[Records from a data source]
[Start of Attachment]

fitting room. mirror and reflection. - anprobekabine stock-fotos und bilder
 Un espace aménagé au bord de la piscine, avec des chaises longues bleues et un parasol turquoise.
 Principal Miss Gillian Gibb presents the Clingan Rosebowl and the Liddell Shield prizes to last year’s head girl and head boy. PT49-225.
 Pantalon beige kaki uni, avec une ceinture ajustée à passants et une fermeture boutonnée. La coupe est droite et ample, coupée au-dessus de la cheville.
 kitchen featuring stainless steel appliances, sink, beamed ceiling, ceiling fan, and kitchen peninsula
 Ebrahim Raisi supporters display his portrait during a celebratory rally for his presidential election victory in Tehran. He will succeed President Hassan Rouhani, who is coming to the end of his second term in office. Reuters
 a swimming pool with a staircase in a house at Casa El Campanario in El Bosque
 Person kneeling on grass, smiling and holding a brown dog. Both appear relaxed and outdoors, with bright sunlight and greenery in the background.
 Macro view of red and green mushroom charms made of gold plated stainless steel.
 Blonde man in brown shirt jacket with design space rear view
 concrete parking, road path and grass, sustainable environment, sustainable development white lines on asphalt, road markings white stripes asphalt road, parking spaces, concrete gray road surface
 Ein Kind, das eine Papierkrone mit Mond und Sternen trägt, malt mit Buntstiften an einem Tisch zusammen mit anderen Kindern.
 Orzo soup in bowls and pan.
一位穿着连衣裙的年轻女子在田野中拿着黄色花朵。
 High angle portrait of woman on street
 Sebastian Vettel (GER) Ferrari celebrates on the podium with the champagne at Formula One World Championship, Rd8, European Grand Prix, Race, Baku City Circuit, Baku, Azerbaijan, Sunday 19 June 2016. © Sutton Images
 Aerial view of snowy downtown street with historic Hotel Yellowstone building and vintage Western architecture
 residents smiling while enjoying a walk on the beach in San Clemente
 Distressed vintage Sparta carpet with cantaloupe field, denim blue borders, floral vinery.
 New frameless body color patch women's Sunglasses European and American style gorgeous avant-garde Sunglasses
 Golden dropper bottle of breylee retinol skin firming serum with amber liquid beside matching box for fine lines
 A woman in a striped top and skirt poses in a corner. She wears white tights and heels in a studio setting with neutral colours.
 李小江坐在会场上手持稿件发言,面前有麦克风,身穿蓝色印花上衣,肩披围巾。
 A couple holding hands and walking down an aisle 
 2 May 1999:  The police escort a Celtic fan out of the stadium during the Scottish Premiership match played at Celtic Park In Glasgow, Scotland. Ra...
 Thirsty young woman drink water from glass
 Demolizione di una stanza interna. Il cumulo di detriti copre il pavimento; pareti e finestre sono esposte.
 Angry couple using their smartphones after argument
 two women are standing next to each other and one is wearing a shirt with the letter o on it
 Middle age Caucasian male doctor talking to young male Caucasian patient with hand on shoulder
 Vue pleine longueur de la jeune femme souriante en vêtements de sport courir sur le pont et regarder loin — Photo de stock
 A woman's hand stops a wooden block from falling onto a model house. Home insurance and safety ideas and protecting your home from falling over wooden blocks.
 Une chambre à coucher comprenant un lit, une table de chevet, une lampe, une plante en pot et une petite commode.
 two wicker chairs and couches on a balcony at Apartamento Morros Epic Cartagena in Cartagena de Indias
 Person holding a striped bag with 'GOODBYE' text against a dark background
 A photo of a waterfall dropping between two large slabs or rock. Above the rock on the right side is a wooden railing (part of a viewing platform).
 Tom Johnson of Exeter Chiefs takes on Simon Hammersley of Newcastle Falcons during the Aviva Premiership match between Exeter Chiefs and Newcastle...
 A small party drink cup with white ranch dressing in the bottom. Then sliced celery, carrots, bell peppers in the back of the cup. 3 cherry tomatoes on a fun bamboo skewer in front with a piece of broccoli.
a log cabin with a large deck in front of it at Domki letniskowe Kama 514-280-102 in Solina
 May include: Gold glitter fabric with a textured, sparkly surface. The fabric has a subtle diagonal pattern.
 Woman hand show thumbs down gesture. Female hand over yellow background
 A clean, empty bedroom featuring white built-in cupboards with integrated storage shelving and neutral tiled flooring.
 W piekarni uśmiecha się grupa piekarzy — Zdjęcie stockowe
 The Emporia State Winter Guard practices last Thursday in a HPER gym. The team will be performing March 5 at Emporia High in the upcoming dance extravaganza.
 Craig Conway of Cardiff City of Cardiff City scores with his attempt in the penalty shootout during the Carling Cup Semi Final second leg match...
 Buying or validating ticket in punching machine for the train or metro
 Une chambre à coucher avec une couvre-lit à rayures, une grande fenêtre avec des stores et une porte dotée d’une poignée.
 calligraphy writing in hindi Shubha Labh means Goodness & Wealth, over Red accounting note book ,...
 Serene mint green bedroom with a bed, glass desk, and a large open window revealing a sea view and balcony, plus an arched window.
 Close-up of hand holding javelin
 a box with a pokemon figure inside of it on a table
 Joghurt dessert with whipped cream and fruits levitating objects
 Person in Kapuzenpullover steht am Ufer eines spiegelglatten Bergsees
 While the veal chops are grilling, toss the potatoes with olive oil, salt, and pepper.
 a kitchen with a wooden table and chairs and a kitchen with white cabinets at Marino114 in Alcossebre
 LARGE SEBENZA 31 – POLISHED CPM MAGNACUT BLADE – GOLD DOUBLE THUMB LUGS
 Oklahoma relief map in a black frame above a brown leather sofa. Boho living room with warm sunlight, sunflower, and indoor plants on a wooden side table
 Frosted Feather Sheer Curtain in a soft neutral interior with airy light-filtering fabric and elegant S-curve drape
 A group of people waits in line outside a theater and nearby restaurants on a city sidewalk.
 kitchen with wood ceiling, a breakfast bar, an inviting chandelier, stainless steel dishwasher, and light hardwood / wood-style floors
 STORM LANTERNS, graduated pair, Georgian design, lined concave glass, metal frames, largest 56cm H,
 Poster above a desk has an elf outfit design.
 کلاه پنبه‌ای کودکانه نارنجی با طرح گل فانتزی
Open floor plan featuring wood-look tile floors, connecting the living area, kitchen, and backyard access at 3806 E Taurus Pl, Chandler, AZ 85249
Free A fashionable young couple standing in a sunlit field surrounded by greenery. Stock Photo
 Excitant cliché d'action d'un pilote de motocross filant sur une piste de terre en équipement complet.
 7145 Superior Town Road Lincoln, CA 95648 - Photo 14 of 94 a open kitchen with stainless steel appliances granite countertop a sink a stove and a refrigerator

[End of Attachment]

EXERCISE DIRECTIONS: From the very first line of the data through the line with "Ebrahim Raisi supporters" in it, please reproduce each line exactly and output nothing more.

WORKED SOLUTION:
fitting room. mirror and reflection. - anprobekabine stock-fotos und bilder
 Un espace aménagé au bord de la piscine, avec des chaises longues bleues et un parasol turquoise.
 Principal Miss Gillian Gibb presents the Clingan Rosebowl and the Liddell Shield prizes to last year’s head girl and head boy. PT49-225.
 Pantalon beige kaki uni, avec une ceinture ajustée à passants et une fermeture boutonnée. La coupe est droite et ample, coupée au-dessus de la cheville.
 kitchen featuring stainless steel appliances, sink, beamed ceiling, ceiling fan, and kitchen peninsula
 Ebrahim Raisi supporters display his portrait during a celebratory rally for his presidential election victory in Tehran. He will succeed President Hassan Rouhani, who is coming to the end of his second term in office. Reuters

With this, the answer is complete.